- What you are asked to do
The whole listing below needs to be duplicated exactly, pictures aside.

- Data provided

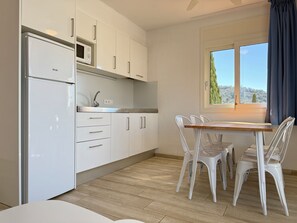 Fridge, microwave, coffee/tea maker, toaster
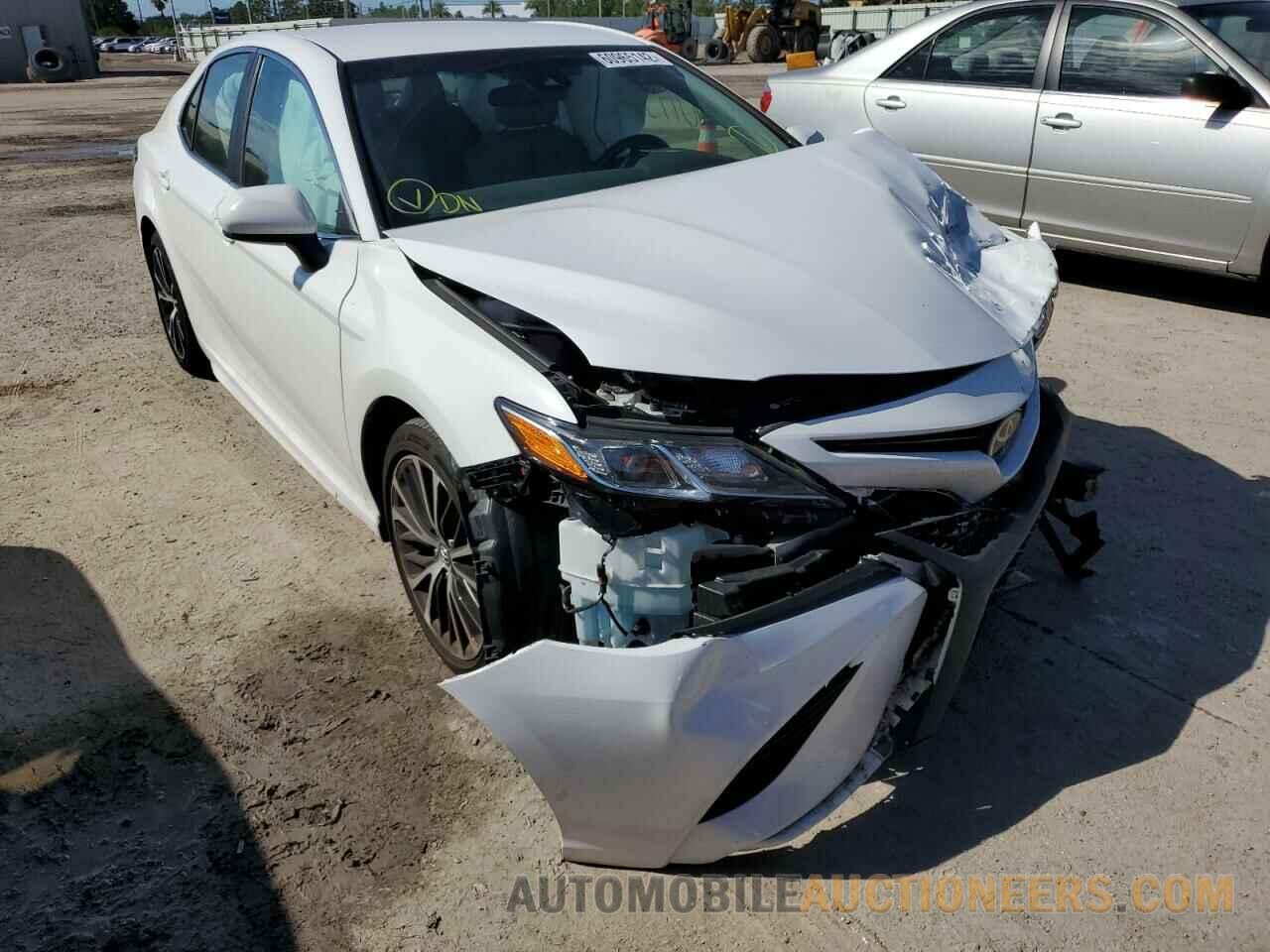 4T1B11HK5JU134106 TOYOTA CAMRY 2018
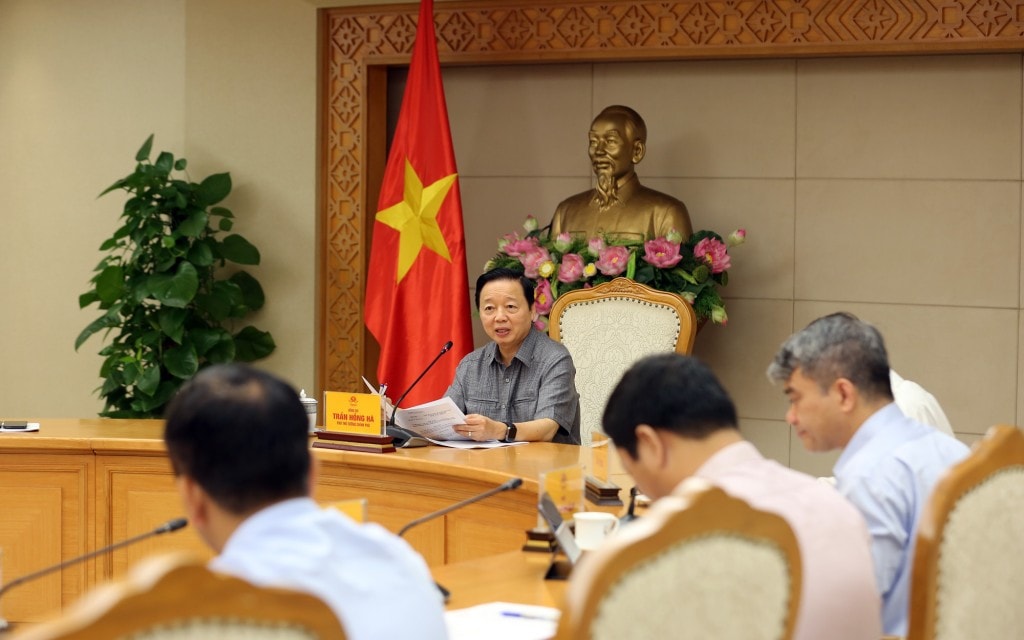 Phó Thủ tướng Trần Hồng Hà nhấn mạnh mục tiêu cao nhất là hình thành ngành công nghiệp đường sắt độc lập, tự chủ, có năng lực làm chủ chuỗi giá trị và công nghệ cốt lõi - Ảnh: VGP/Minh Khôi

- Solution for this task
 Fridge, microwave, coffee/tea maker, toaster
 4T1B11HK5JU134106 TOYOTA CAMRY 2018
 Phó Thủ tướng Trần Hồng Hà nhấn mạnh mục tiêu cao nhất là hình thành ngành công nghiệp đường sắt độc lập, tự chủ, có năng lực làm chủ chuỗi giá trị và công nghệ cốt lõi - Ảnh: VGP/Minh Khôi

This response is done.